Anwender:innen wie die Kaffeproduzentin Gisela Illescas Palma legen in dem Bericht dar, wie sie in Erzeugergemeinschaften seit über 15 Jahren in der Lage sind, agroökologischen Kaffee ohne den Einsatz von Glyphosat zu produzieren. Dies gelinge aufgrund einer ganzheitlichen Sichtweise des Kaffeesystems als ein Agrarökosystem, in dem Kaffee eines von mehr als 100 Produkten wie Früchten, Pilzen, Heilpflanzen, Insekten oder Brennholz ist. Der Wechsel von Monokulturen zur Agrarökologie habe es vielen Frauen ermöglicht, selbständig ihr Land zu bewirtschaften und eigene Entscheidungen zu treffen.

Laut Viridiana Lázaro, Landwirtschafts- und Klimaexpertin bei Greenpeace Mexiko, richtet sich der neue Bericht an die Bundesbehörden, die für die Umsetzung des Präsidialdekrets verantwortlich sind. Zuständig sind verschiedene Ministerien wie das Ministerium für Umwelt und natürliche Ressourcen, das Wirtschaftsministerium, das Ministerium für Landwirtschaft und ländliche Entwicklung und das Gesundheitsministerium unter Beteiligung des Nationalen Rates für Wissenschaft und Technologie.
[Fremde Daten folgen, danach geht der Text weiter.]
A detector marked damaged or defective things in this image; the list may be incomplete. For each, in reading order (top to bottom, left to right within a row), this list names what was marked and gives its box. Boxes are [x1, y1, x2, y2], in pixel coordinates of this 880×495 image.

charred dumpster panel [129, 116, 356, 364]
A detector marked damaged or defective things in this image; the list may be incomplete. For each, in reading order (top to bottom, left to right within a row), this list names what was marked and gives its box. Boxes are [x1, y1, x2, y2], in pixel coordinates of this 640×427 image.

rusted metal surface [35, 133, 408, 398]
Das Greenpeace-Gutachten fordert die Behörden auf, den agrarökologischen Übergang zur Ernährungssouveränität durch sektorübergreifende Zusammenarbeit voranzutreiben. Daraus soll ein grundlegender Wandel auf der Grundlage agrarökologischer Prozesse und in Verbindung mit bäuerlichem Wissen zur Bekämpfung des fortschreitenden Klimaerhitzung resultieren.
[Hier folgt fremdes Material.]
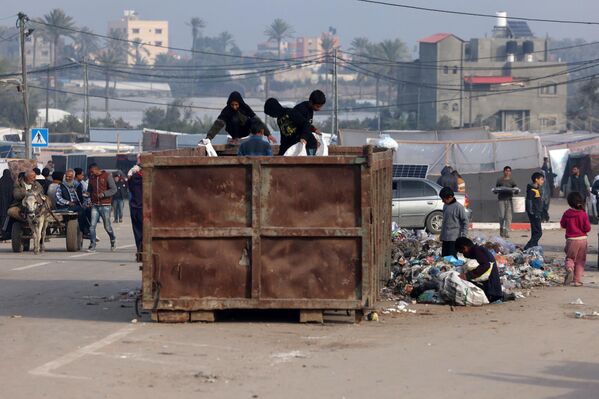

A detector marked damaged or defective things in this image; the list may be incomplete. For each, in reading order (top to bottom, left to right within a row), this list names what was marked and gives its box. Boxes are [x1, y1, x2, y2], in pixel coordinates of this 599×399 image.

large rusty dumpster [140, 145, 394, 324]
rusted metal container [141, 145, 394, 324]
Am 29. September, dem internationalen Tag des Mais, erinnerte die Kampagne "Ohne Mais gibt es kein Land" von 300 mexikanischen Nichtregierungsorganisationen daran, dass der Anbau von gentechnisch verändertem Mais den Einsatz des Herbizids Glyphosat als Teil des agroindustriellen Technologiepakets beinhaltet. Das Bündnis verteidigt daher das Präsidialdekret zum schrittweisen Glyphosat- und Genmais-Verbot, um den Schutz der biologischen Vielfalt und einheimischen Saatguts sowie der Milpa zu gewährleisten, die Teil der traditionellen mexikanischen Ernährung, der Kosmovision der indigenen und bäuerlichen Gemeinschaften sind.